Dawit Seyaum and Addisu Yihune achieved an Ethiopian double at the 65th edition of the Campaccio in San Giorgio su Legnano, the eighth Gold level meeting of this season’s World Athletics Cross Country Tour, on Thursday (6).

The 2022 edition of the popular Northern Italian race celebrated the 100th anniversary of the local sports club Unione Sportiva Sangiorgese.

In the women’s race, Eritrea’s Rahel Daniel Ghebreyohannes took the early lead ahead of a seven-women group featuring Ethiopia’s Medina Eisa, Kenya’s world U20 champion Beatrice Chebet, Seyaum, Kenya’s Lucy Mawia, Ethiopia’s Fantaye Belayneh, Italy’s Anna Arnaudo and her compatriot Nadia Battocletti, the European U23 cross country champion. The leading pack went through the 2km mark in 6:38.

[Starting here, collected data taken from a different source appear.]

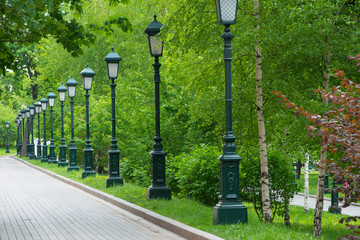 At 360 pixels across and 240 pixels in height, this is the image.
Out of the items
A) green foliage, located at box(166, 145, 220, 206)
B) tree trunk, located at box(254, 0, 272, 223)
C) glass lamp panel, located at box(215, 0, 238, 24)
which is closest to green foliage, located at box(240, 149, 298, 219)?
tree trunk, located at box(254, 0, 272, 223)

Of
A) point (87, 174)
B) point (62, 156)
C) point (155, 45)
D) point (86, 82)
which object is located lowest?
point (87, 174)

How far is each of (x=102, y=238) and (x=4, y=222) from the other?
3105mm

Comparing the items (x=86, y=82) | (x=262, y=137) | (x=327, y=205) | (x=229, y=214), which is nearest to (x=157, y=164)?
(x=262, y=137)

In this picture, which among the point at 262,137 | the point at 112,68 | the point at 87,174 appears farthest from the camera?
the point at 87,174

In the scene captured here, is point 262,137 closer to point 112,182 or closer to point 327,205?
point 112,182

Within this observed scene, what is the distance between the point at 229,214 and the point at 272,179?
4404 millimetres

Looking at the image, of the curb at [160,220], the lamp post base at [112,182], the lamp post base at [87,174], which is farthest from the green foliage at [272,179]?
the lamp post base at [87,174]

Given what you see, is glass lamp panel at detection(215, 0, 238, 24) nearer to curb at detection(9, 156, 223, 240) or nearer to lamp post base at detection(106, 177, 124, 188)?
curb at detection(9, 156, 223, 240)

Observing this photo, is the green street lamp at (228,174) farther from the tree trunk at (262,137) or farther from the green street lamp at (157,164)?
the green street lamp at (157,164)

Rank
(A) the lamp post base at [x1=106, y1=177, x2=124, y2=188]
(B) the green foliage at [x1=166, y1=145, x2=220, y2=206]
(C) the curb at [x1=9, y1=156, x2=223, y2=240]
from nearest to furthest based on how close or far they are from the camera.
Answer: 1. (C) the curb at [x1=9, y1=156, x2=223, y2=240]
2. (B) the green foliage at [x1=166, y1=145, x2=220, y2=206]
3. (A) the lamp post base at [x1=106, y1=177, x2=124, y2=188]

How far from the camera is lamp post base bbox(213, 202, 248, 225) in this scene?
29.6ft

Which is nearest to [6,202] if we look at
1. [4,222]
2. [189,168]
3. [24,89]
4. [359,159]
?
[4,222]

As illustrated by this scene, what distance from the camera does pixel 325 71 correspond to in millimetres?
12734

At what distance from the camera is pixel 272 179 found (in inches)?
520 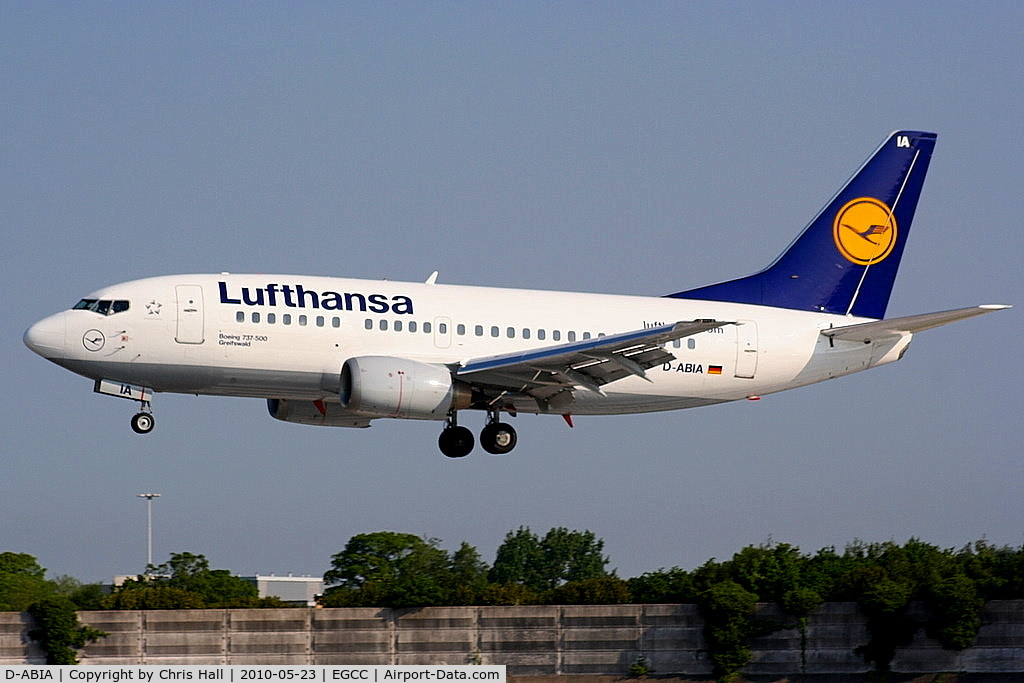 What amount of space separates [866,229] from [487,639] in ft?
58.6

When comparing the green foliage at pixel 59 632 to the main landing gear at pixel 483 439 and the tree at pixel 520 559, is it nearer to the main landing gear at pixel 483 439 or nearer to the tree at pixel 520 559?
the main landing gear at pixel 483 439

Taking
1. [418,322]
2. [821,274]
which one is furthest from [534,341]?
[821,274]

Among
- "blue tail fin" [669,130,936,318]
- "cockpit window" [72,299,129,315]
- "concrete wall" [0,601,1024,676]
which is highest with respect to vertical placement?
"blue tail fin" [669,130,936,318]

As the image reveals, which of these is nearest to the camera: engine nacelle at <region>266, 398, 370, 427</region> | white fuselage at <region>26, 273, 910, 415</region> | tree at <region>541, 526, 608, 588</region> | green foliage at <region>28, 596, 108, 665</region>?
white fuselage at <region>26, 273, 910, 415</region>

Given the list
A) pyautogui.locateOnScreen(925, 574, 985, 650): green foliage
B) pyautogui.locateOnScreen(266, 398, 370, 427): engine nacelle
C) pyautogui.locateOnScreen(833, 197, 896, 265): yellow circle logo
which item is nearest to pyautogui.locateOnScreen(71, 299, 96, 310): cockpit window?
pyautogui.locateOnScreen(266, 398, 370, 427): engine nacelle

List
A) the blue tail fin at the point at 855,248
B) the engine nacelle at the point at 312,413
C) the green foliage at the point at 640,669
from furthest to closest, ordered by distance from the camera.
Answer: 1. the green foliage at the point at 640,669
2. the blue tail fin at the point at 855,248
3. the engine nacelle at the point at 312,413

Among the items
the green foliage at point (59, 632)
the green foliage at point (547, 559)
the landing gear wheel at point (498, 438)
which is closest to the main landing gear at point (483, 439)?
the landing gear wheel at point (498, 438)

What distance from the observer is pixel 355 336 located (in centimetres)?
4025

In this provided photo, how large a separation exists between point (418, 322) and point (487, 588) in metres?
17.3

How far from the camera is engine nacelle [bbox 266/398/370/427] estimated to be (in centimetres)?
4400

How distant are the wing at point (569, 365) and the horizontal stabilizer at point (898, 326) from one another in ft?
20.4

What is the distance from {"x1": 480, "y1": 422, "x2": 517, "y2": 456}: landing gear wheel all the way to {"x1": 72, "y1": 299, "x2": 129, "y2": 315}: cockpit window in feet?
32.0

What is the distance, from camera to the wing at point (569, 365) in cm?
3859

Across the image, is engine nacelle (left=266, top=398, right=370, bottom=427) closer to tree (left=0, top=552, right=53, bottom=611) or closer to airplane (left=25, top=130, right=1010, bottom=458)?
airplane (left=25, top=130, right=1010, bottom=458)
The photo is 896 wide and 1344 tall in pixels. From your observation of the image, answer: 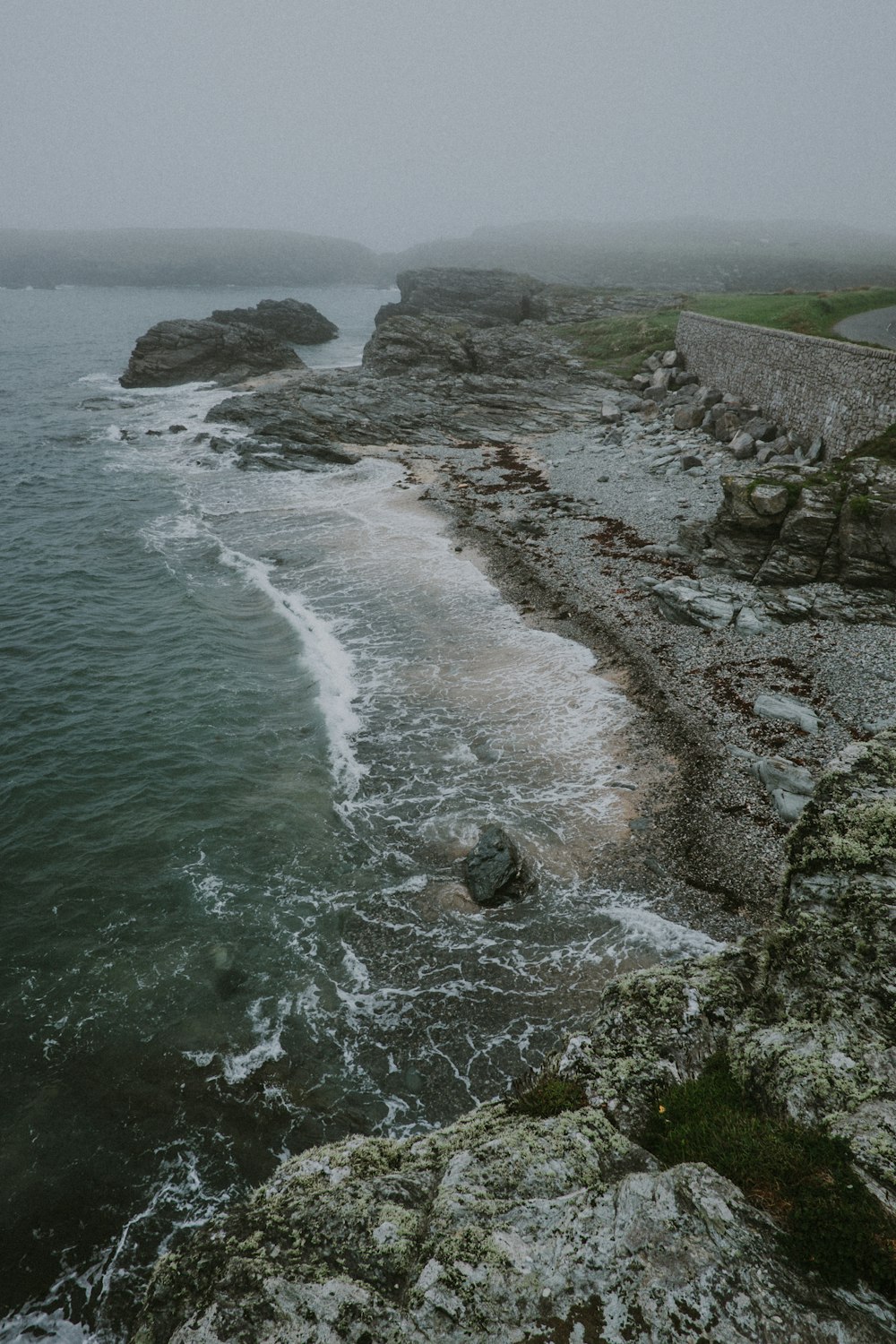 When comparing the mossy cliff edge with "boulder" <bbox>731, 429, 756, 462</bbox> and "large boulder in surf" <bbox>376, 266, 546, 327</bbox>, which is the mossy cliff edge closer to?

Seven runners remained at the front as the pace picked up at 4km. Seyaum changed gear, clocking a split of 2:49 between 4km and 5km. The leading pack was whittled down to five runners at 5km.

Seyaum, Chebet and Daniel Ghebreyohannes broke away with 500 metres to go and battled it out for the win. Seyaum unleashed her final kick to cross the finish line in 18:48, holding off Atapuerca cross country winner Daniel Ghebreyohannes by just one second in a close sprint. Chebet was beaten for the second time in this cross country season by Daniel Ghebreyohannes and had to settle for third place in 18:51 ahead of Belayneh (18:56) and Eisa (19:05).

Battocletti edged her Slovenian rival Klara Lukan to finish sixth in 19:06.

Seyaum claimed a back-to-back win after her recent triumph at the Boclassic 5km road race in Bolzano last Friday.

The men’s race saw a big group featuring Kenya’s Vincent Kipkurui Too, Emmanuel Korir Kiplagat and Amos Serem, together with Ethiopia’s Yihune, Eritrea’s Aron Kifle and Italian runners Iliass Aouani, Yohanes Chiappinelli and Eyob Ghebrehiwet Faniel, go through 3km in 8:43.

Too set the pace at the front of an eight-man group, closely followed by Serem, Kiplagat, Kifle, Yihune and Faniel during the third lap. They went through 4km in 11:46 and 5km in 14:30.

Aouani was the first to drop back at 7km and the leading group was whittled down to seven athletes. Kiplagat then moved to the front ahead of six other runners: Serem, Kifle, Faniel, Too, Yihune and Chiappinelli. 

The first significant move came at 8km when Yihune, Kiplagat, Too, Serem and Kifle picked up the pace and pulled away from marathon runner Faniel by two seconds. Yihune pushed on at the front and increased his lead during the last lap, going on to cross the finish line in 28:39 with a six-second gap over Kiplagat.

Serem, who won the world U20 gold medal in the 3000m steeplechase in Nairobi last August, won a very close sprint for third place in 28:53, holding off Too. Kifle rounded out the top five in 28:59.

Faniel finished sixth as the first Italian athlete in 29:15, beating European 3000m steeplechase bronze medallist Chiappinelli (29:21) and Italian cross country champion Aouani (29:45).

Yihune joined the list of Ethiopian stars who have won the Campaccio race, that includes Haile Gebrselassie, Kenenisa Bekele, Muktar Edris, Imane Merga and Hagos Gebrhiwet.

Yihune, who will turn 19 in March, finished fourth in the 5000m at the World U20 Championships in Nairobi and clocked a PB of 12:58.99 over this distance in Hengelo last June.

“I felt confident during the race that I could win, as I knew that I was well prepared,” said Yihune. “I train with Selemon Barega. He is my role model.”